**Work instructions:** Output exactly the lines that run from the top of the entries to the line holding "Teclado Alemán Logitech", including both of those lines.

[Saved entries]

· · ·

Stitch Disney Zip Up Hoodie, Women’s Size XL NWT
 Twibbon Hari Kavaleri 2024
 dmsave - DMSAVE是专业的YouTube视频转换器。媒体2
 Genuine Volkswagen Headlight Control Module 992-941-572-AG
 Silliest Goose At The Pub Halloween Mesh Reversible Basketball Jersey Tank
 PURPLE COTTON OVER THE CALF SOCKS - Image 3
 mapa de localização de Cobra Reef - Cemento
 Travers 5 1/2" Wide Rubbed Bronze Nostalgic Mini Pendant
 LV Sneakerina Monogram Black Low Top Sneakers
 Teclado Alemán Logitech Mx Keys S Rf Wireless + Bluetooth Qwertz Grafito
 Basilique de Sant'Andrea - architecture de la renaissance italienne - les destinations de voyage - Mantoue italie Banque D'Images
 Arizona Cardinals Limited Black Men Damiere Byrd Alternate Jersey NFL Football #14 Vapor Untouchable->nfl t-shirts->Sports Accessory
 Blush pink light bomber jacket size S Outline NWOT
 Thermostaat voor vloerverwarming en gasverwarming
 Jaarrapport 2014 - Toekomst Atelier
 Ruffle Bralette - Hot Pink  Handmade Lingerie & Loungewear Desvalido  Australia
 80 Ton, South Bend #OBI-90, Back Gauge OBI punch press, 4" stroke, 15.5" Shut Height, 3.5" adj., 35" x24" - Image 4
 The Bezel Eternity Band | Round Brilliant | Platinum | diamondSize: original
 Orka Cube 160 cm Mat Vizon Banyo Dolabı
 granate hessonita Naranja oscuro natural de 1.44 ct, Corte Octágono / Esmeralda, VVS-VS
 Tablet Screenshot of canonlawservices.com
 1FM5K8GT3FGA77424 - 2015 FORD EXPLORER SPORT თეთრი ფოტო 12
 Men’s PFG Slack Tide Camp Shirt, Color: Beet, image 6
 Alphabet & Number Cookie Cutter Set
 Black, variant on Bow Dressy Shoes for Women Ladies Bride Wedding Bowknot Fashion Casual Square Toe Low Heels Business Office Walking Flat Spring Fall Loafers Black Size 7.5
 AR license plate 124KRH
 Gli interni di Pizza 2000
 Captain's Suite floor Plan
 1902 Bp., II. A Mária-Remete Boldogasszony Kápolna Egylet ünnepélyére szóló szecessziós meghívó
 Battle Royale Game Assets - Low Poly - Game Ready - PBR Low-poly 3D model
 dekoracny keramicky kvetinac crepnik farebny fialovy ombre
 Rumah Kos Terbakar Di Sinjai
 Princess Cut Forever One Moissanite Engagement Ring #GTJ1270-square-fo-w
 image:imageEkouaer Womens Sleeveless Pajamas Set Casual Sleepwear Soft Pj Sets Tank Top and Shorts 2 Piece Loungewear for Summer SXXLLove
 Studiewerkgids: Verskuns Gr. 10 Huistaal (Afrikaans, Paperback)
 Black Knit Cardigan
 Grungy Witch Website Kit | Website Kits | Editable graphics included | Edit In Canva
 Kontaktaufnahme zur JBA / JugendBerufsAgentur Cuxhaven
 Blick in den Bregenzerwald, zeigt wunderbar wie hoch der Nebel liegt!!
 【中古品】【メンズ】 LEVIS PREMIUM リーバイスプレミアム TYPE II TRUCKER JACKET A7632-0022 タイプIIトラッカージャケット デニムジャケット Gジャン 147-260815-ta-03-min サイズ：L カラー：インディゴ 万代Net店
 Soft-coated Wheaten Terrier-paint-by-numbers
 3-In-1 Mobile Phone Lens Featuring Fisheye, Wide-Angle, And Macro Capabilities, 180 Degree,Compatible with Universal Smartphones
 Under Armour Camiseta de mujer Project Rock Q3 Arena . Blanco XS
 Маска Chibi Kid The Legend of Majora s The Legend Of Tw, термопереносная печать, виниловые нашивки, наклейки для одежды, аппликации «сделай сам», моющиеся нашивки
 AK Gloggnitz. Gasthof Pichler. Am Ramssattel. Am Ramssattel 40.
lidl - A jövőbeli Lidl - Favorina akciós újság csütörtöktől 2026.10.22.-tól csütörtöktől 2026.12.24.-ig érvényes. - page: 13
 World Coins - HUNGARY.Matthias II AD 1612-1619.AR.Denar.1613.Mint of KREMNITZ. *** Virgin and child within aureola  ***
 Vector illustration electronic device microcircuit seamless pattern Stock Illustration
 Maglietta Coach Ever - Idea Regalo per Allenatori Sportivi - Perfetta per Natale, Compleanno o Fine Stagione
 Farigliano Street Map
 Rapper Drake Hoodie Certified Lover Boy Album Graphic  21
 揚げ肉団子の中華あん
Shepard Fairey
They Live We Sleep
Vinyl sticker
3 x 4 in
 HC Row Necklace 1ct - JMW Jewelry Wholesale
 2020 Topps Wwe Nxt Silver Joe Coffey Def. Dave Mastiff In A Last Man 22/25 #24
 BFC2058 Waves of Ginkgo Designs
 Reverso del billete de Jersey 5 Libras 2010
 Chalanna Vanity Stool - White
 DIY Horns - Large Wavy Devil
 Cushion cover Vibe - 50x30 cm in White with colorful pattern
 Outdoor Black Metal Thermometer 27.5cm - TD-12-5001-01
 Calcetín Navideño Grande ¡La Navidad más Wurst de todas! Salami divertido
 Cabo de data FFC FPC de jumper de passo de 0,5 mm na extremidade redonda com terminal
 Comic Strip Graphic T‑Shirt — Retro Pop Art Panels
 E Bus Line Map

· · ·

**Expected answer:**
Stitch Disney Zip Up Hoodie, Women’s Size XL NWT
 Twibbon Hari Kavaleri 2024
 dmsave - DMSAVE是专业的YouTube视频转换器。媒体2
 Genuine Volkswagen Headlight Control Module 992-941-572-AG
 Silliest Goose At The Pub Halloween Mesh Reversible Basketball Jersey Tank
 PURPLE COTTON OVER THE CALF SOCKS - Image 3
 mapa de localização de Cobra Reef - Cemento
 Travers 5 1/2" Wide Rubbed Bronze Nostalgic Mini Pendant
 LV Sneakerina Monogram Black Low Top Sneakers
 Teclado Alemán Logitech Mx Keys S Rf Wireless + Bluetooth Qwertz Grafito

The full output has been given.